Without including any picture, write out the entries exactly as they stand.

▶ **Dataset records**
+-------+
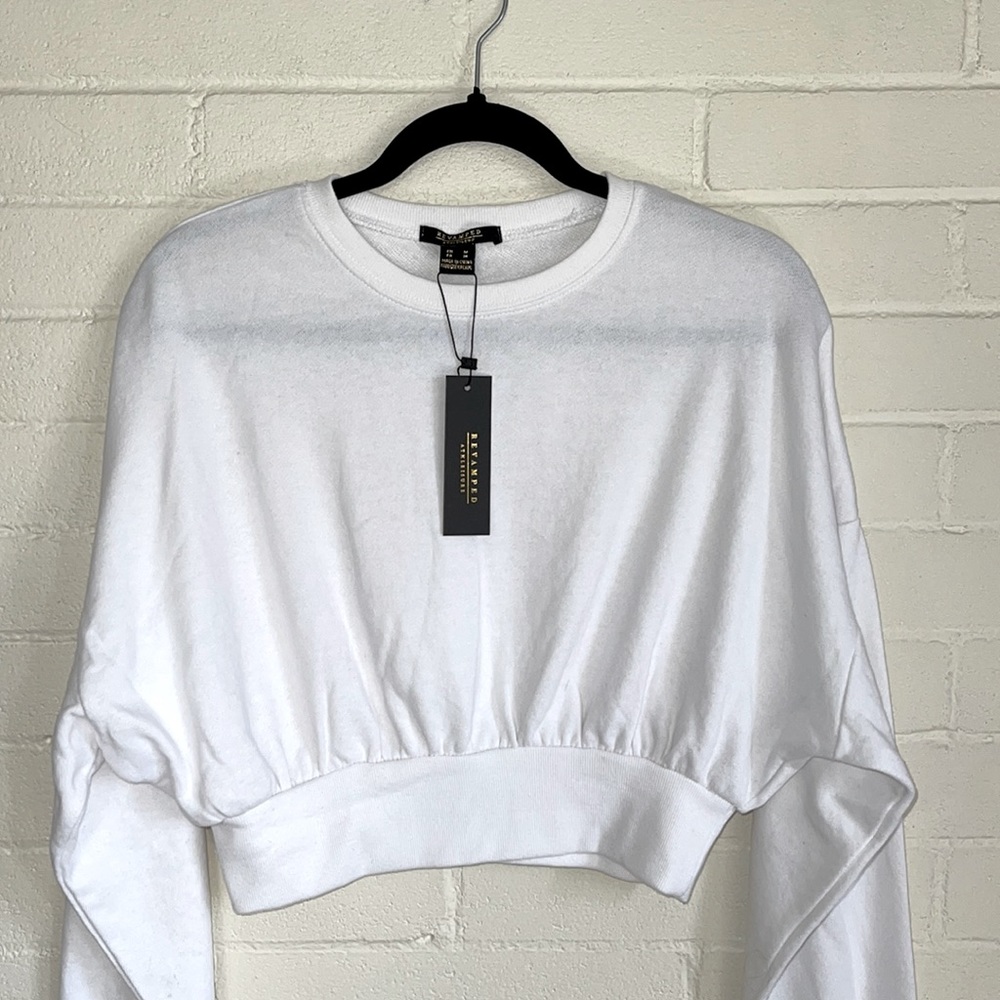 🦋3/40 NWT - REVAMPED Crop Sweatshirt (M)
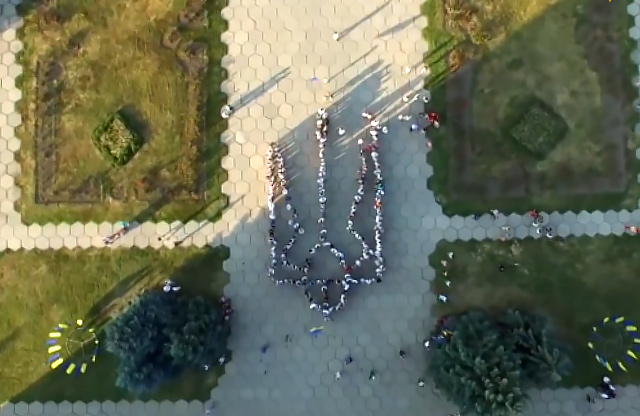 Близько 150 полтавців сформували 20-метровий «живий тризуб»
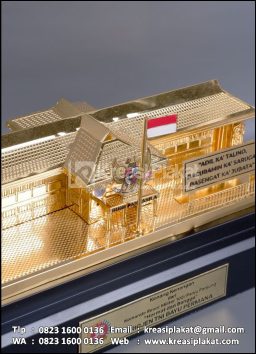 Souvenir Miniatur Mark...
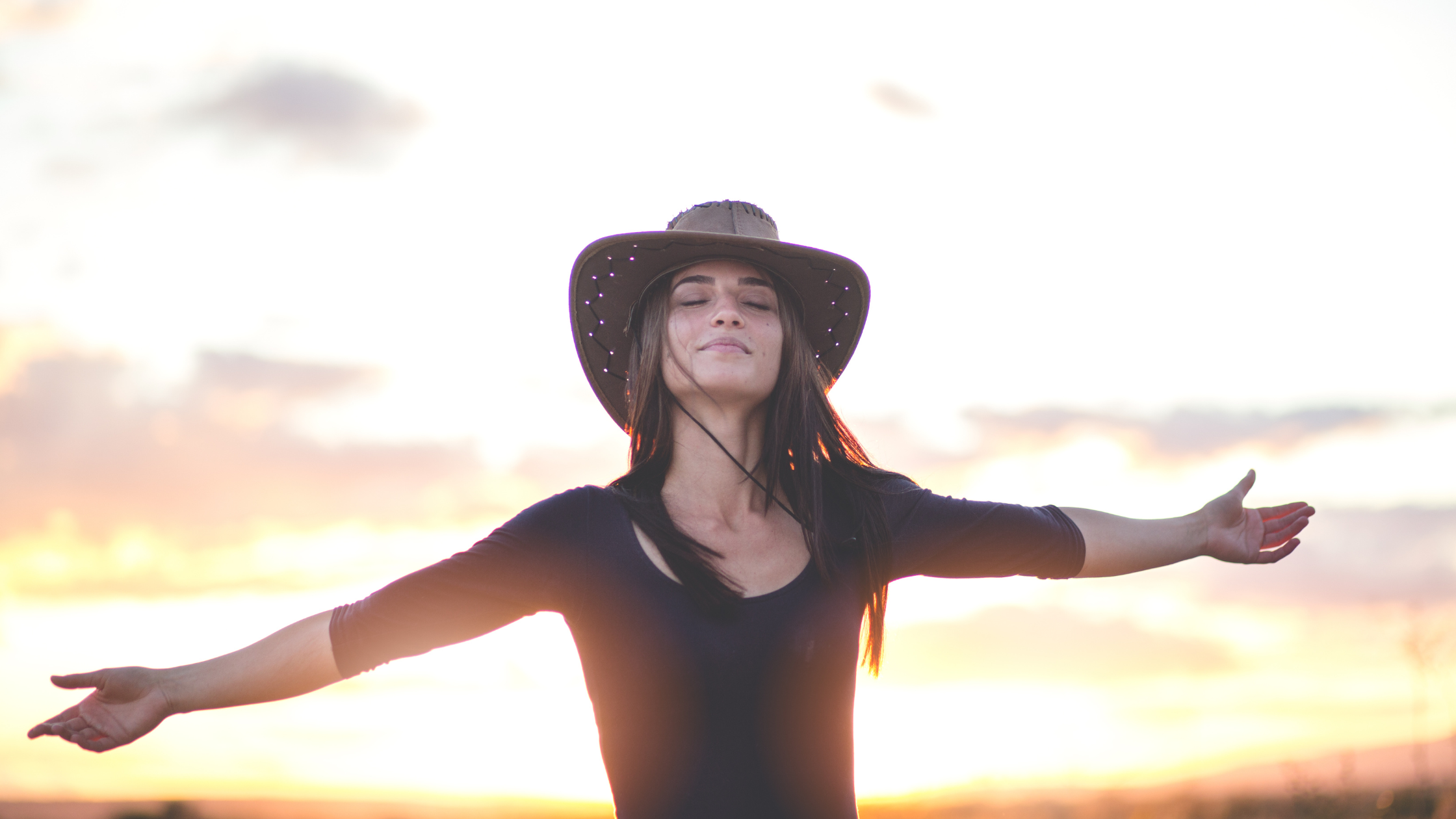 Frau mit ausgebreiteten Armen Leichtigkeit Sonne im Hintergrund Sicherheit.entspannt.
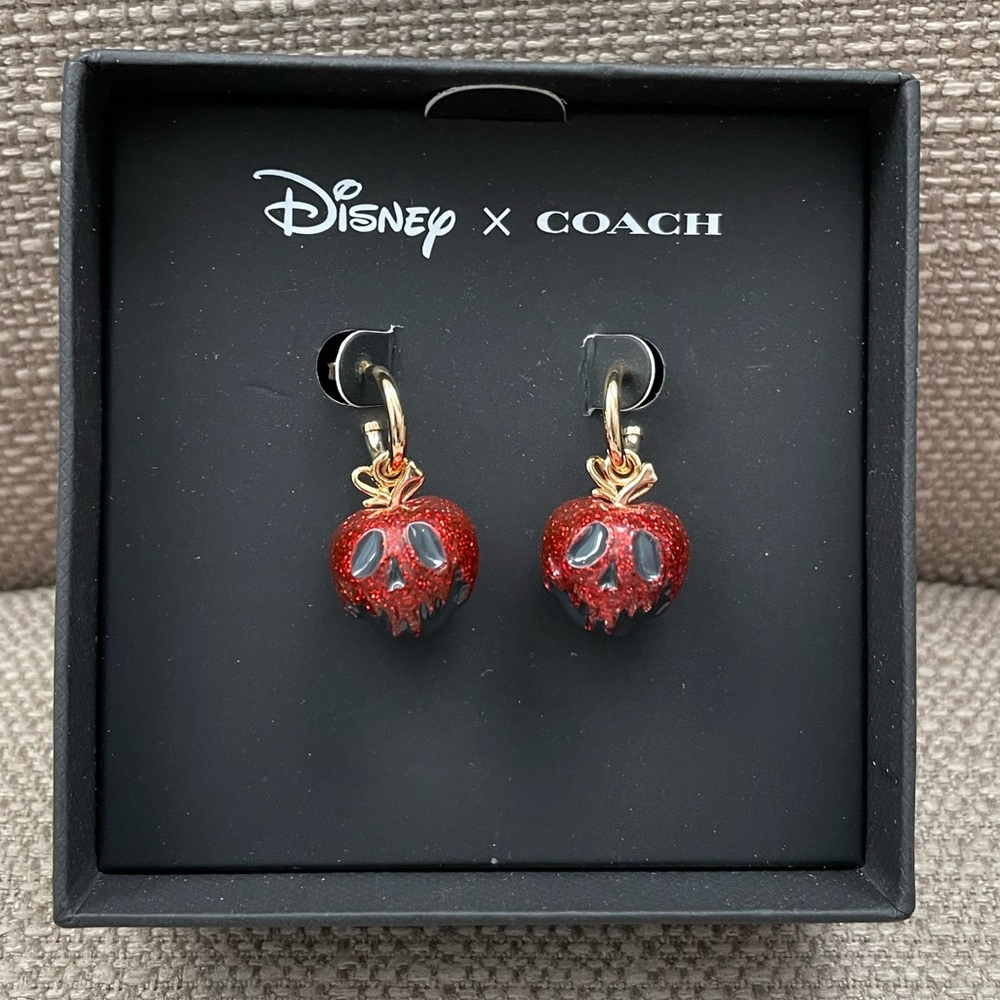 COACH x DISNEY Villain Poison Apple Huggies Earrings gold/red style CD812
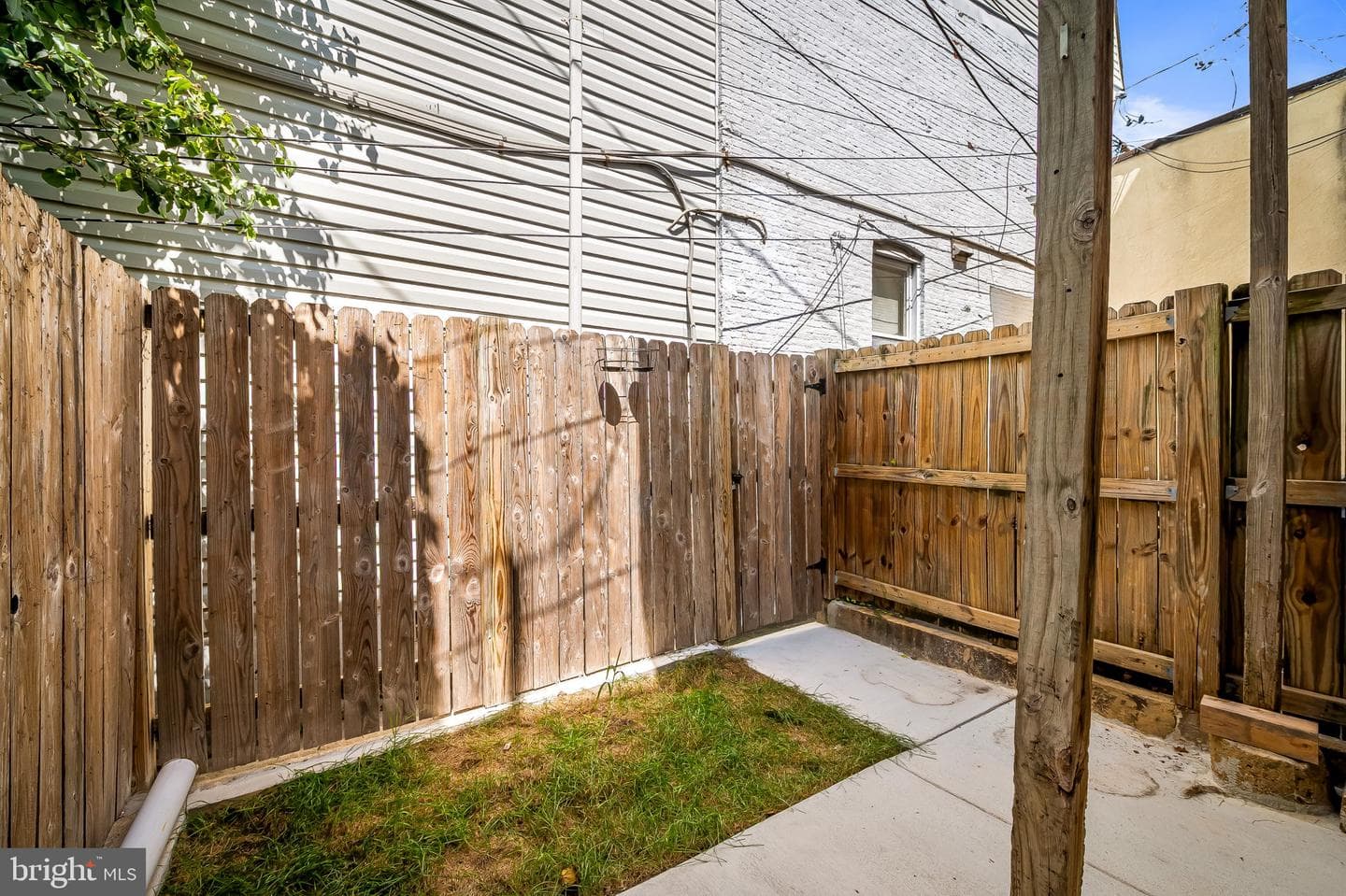 2718 Dillon Street photo 28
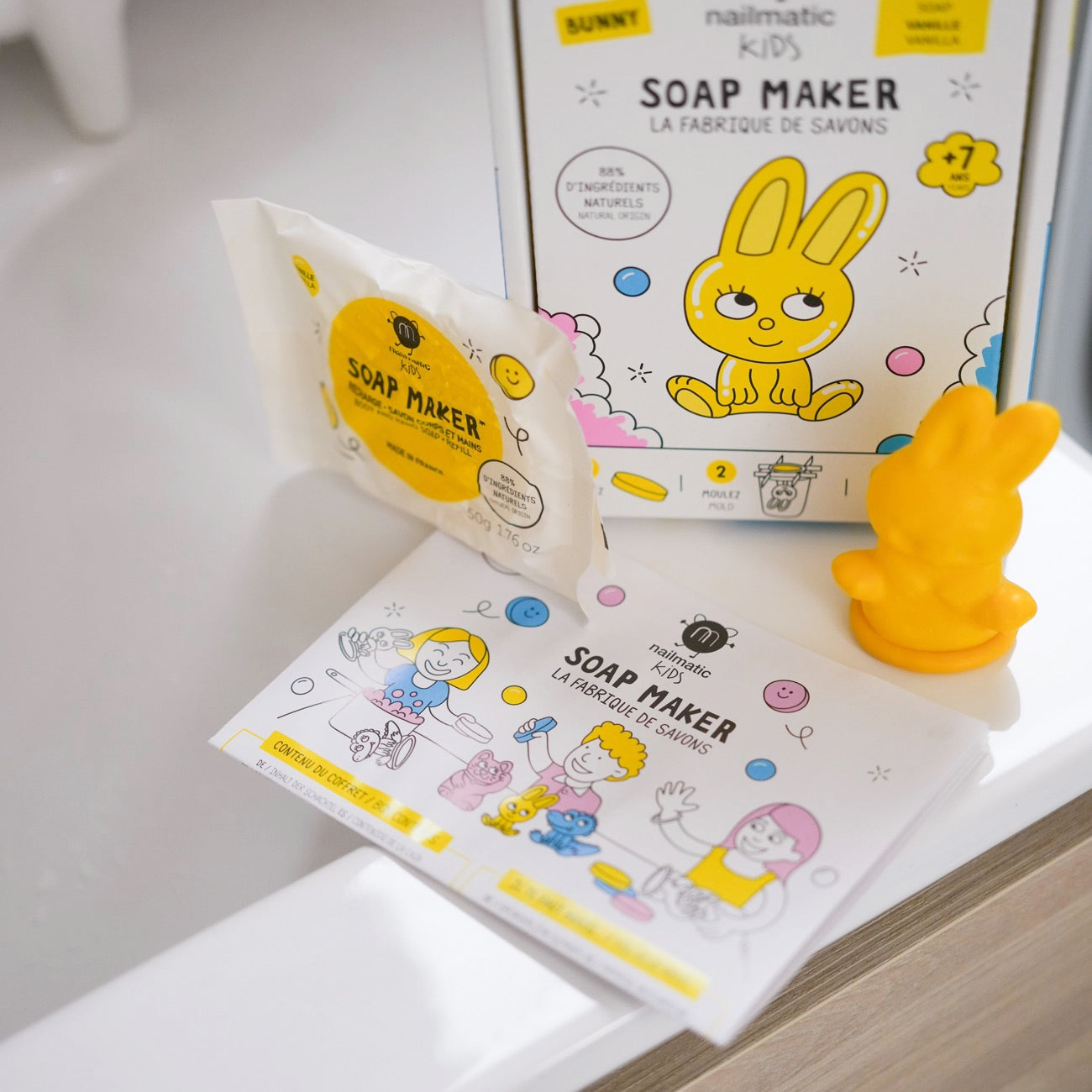 Kit DIY pour créer un savon en forme de lapin, vue de face.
+-------+
▶ **Task answer**
 🦋3/40 NWT - REVAMPED Crop Sweatshirt (M)
 Близько 150 полтавців сформували 20-метровий «живий тризуб»
 Souvenir Miniatur Mark...
 Frau mit ausgebreiteten Armen Leichtigkeit Sonne im Hintergrund Sicherheit.entspannt.
 COACH x DISNEY Villain Poison Apple Huggies Earrings gold/red style CD812
 2718 Dillon Street photo 28
 Kit DIY pour créer un savon en forme de lapin, vue de face.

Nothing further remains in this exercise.